* **Task statement**
Please give the data again exactly, with no line dropped.

* **Input for this task**
· · · · ·
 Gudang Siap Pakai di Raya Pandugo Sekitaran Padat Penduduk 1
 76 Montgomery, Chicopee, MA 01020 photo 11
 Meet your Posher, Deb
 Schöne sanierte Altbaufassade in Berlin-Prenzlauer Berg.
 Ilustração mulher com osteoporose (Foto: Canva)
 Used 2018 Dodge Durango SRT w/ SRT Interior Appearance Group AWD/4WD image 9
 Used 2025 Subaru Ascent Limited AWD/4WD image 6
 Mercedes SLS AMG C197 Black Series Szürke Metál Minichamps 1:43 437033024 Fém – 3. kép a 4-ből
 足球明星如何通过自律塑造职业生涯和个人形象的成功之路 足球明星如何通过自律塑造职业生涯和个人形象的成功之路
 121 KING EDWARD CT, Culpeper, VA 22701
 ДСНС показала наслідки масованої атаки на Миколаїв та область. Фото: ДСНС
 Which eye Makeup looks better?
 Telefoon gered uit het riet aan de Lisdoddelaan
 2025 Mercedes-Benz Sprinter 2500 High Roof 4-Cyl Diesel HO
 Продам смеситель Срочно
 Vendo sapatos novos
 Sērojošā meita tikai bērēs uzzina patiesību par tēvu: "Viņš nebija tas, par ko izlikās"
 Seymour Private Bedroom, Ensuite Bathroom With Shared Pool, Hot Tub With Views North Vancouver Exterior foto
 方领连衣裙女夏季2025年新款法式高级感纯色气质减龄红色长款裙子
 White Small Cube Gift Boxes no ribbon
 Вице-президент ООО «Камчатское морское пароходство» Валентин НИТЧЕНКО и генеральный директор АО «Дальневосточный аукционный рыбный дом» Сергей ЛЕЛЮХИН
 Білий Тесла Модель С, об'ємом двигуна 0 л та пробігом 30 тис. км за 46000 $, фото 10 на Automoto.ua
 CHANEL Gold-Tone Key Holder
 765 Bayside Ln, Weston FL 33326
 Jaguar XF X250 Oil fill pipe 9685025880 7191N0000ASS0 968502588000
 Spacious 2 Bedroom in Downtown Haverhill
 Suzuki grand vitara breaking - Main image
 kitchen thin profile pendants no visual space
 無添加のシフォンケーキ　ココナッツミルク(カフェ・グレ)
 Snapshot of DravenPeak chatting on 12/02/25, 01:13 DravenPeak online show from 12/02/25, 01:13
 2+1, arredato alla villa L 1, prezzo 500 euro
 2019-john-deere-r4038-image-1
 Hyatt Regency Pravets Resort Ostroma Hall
· · · · ·
* **Answer to the exercise**
 Gudang Siap Pakai di Raya Pandugo Sekitaran Padat Penduduk 1
 76 Montgomery, Chicopee, MA 01020 photo 11
 Meet your Posher, Deb
 Schöne sanierte Altbaufassade in Berlin-Prenzlauer Berg.
 Ilustração mulher com osteoporose (Foto: Canva)
 Used 2018 Dodge Durango SRT w/ SRT Interior Appearance Group AWD/4WD image 9
 Used 2025 Subaru Ascent Limited AWD/4WD image 6
 Mercedes SLS AMG C197 Black Series Szürke Metál Minichamps 1:43 437033024 Fém – 3. kép a 4-ből
 足球明星如何通过自律塑造职业生涯和个人形象的成功之路 足球明星如何通过自律塑造职业生涯和个人形象的成功之路
 121 KING EDWARD CT, Culpeper, VA 22701
 ДСНС показала наслідки масованої атаки на Миколаїв та область. Фото: ДСНС
 Which eye Makeup looks better?
 Telefoon gered uit het riet aan de Lisdoddelaan
 2025 Mercedes-Benz Sprinter 2500 High Roof 4-Cyl Diesel HO
 Продам смеситель Срочно
 Vendo sapatos novos
 Sērojošā meita tikai bērēs uzzina patiesību par tēvu: "Viņš nebija tas, par ko izlikās"
 Seymour Private Bedroom, Ensuite Bathroom With Shared Pool, Hot Tub With Views North Vancouver Exterior foto
 方领连衣裙女夏季2025年新款法式高级感纯色气质减龄红色长款裙子
 White Small Cube Gift Boxes no ribbon
 Вице-президент ООО «Камчатское морское пароходство» Валентин НИТЧЕНКО и генеральный директор АО «Дальневосточный аукционный рыбный дом» Сергей ЛЕЛЮХИН
 Білий Тесла Модель С, об'ємом двигуна 0 л та пробігом 30 тис. км за 46000 $, фото 10 на Automoto.ua
 CHANEL Gold-Tone Key Holder
 765 Bayside Ln, Weston FL 33326
 Jaguar XF X250 Oil fill pipe 9685025880 7191N0000ASS0 968502588000
 Spacious 2 Bedroom in Downtown Haverhill
 Suzuki grand vitara breaking - Main image
 kitchen thin profile pendants no visual space
 無添加のシフォンケーキ　ココナッツミルク(カフェ・グレ)
 Snapshot of DravenPeak chatting on 12/02/25, 01:13 DravenPeak online show from 12/02/25, 01:13
 2+1, arredato alla villa L 1, prezzo 500 euro
 2019-john-deere-r4038-image-1
 Hyatt Regency Pravets Resort Ostroma Hall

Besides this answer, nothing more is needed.